Hints for SRM 615, D1, 250-pointer (AmebaDiv1)

James S. Plank

Tue Apr 8 18:16:17 EDT 2014
Problem Statement.
As far as D1-250's go, this was a pretty simple one. The only starting values for the amoeba are the values in X. However, you want to strip duplicates -- so create a set initial, with all of the unique values in X. That way, you have no duplicates.

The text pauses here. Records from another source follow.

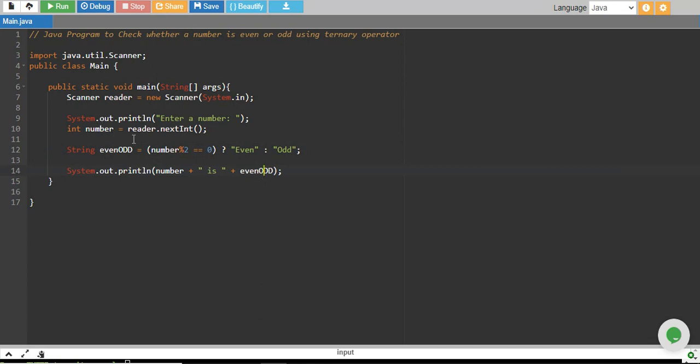When the number is 7, 7 remainder 2 equals 0 is false—the remainder is 1, and 1 is not equal to 0. Since the condition is false, odd is assigned to evenOdd, and it prints the number 7 is odd.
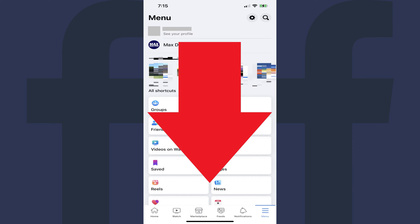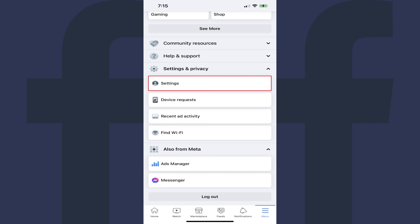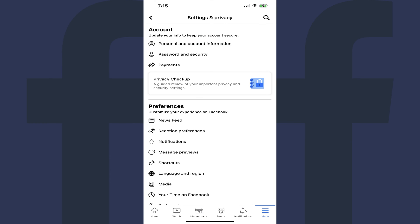Step 3. Scroll down to the bottom of this screen, tap to expand Settings and Privacy, and then tap Settings in the list of options. You'll land on the Settings and Privacy screen.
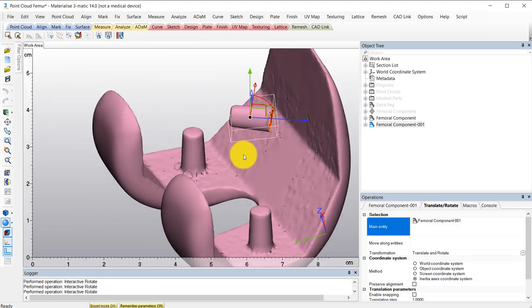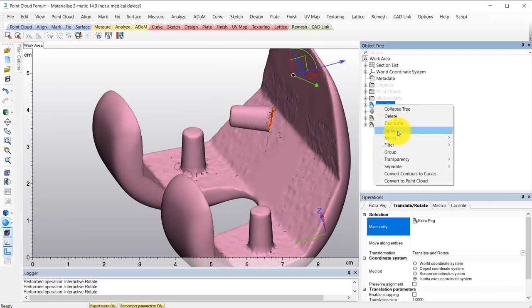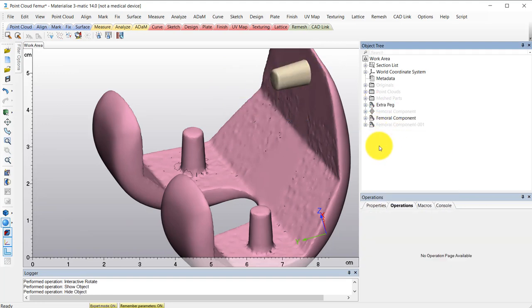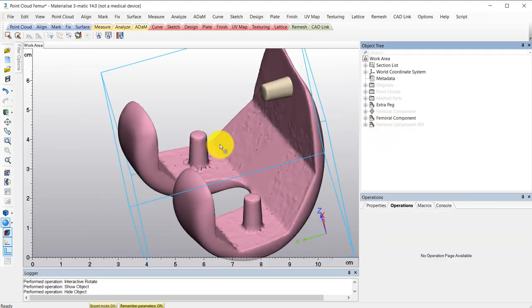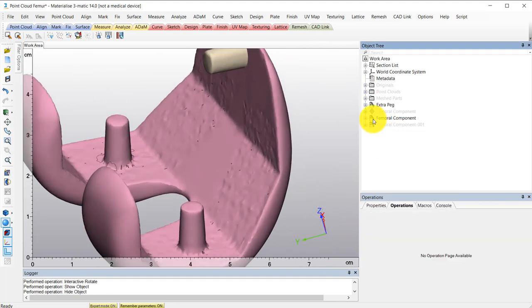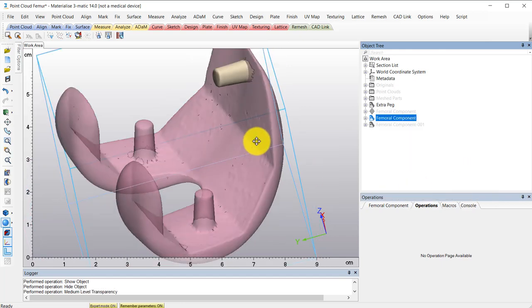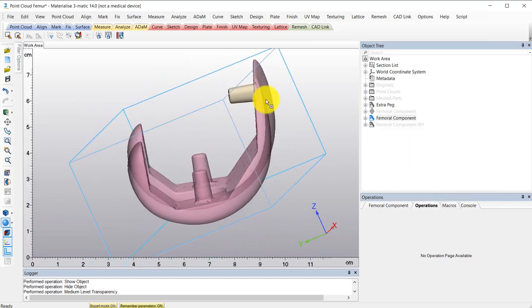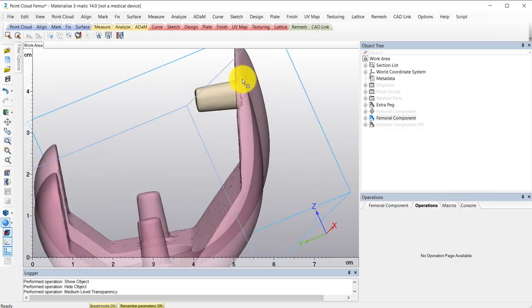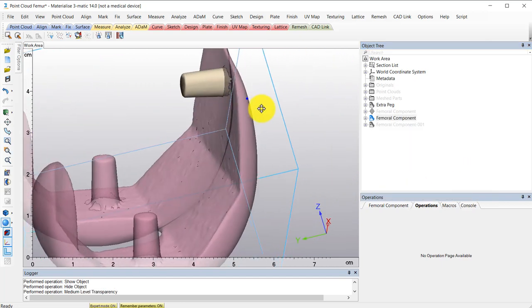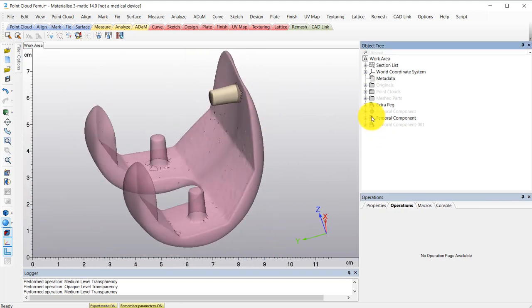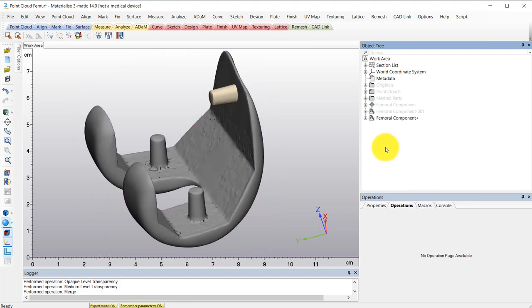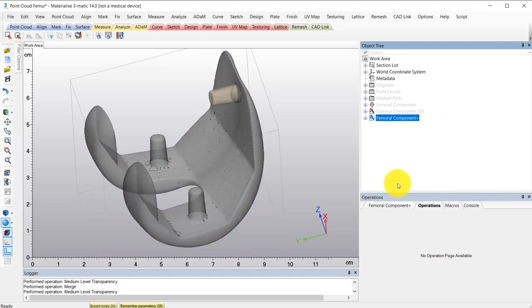For the sake of time, I've already aligned this peg here. Finally, I'll merge this with my part. And again, use the fix wizard to get rid of those extra surfaces we still have in there.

Now, create another set, final, with potential final values. For each initial value in initial, simulate the the amoeba with that value. Calculate the ending value of the amoeba, and put it into final. At the end, you can run through initial again, and count the number of elements that are not also in final. That's the answer.

Let's look at examples:

Example X initial final Answer
0 {3, 2, 1} {1, 2, 3} {2, 4, 6} 2
1 {2, 2, 2, 2, 2, 2, 4, 2, 2, 2} {2, 4} {8} 2
2 {1, 2, 4, 8, 16, 32, 64, 128, 256, 1024, 2048} {1, 2, 4, 8, 16, 32, 64, 128, 256, 1024, 2048} {512, 4096} 11
3 {854, 250, 934, 1000, 281, 250, 281, 467, 854, 562, 934, 1000, 854, 500, 562} {250, 281, 467, 500, 562, 854, 934, 1000} {1000, 1124, 1708, 1868, 2000} 7

The running time complexity of this is O(n2), where n is the number of elements in X. Why is there no log term in that? Lets break it down:

Fortunately, the maximum value of n is 200, so O(n2) is fast enough to complete within Topcoder's limits.